----- Given records

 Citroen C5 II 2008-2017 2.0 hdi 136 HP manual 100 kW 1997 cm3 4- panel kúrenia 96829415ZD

----------
----- Given records

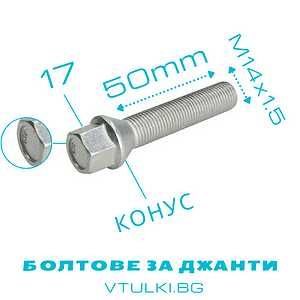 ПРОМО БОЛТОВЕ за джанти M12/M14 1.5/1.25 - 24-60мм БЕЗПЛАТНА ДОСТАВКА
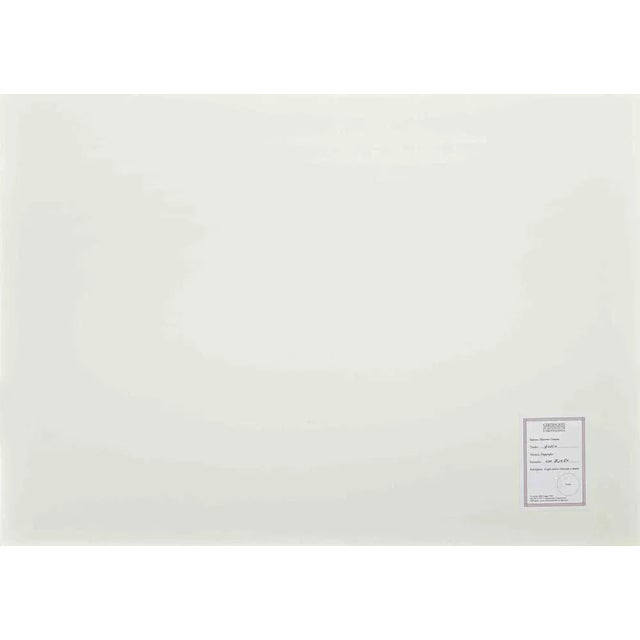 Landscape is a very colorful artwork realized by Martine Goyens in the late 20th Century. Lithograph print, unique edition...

----------
----- Given records

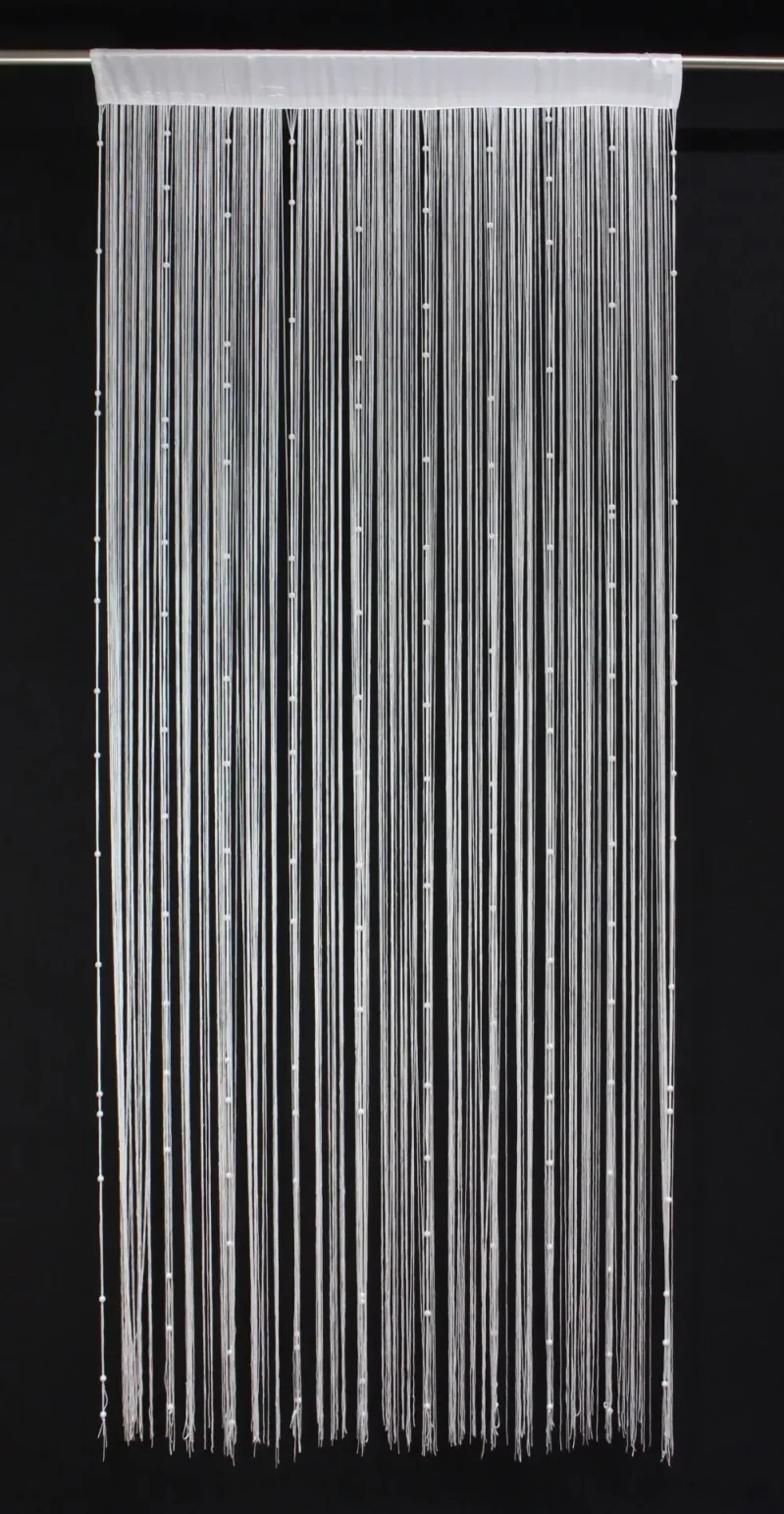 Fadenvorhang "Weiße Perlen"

----------

The problem
Though the entries above contain pictures, none should be copied; reproduce only the lines between the one holding "ПРОМО БОЛТОВЕ за" and the one holding "Landscape is a", inclusive, exactly as written.

Answer to the exercise
 ПРОМО БОЛТОВЕ за джанти M12/M14 1.5/1.25 - 24-60мм БЕЗПЛАТНА ДОСТАВКА
 Landscape is a very colorful artwork realized by Martine Goyens in the late 20th Century. Lithograph print, unique edition...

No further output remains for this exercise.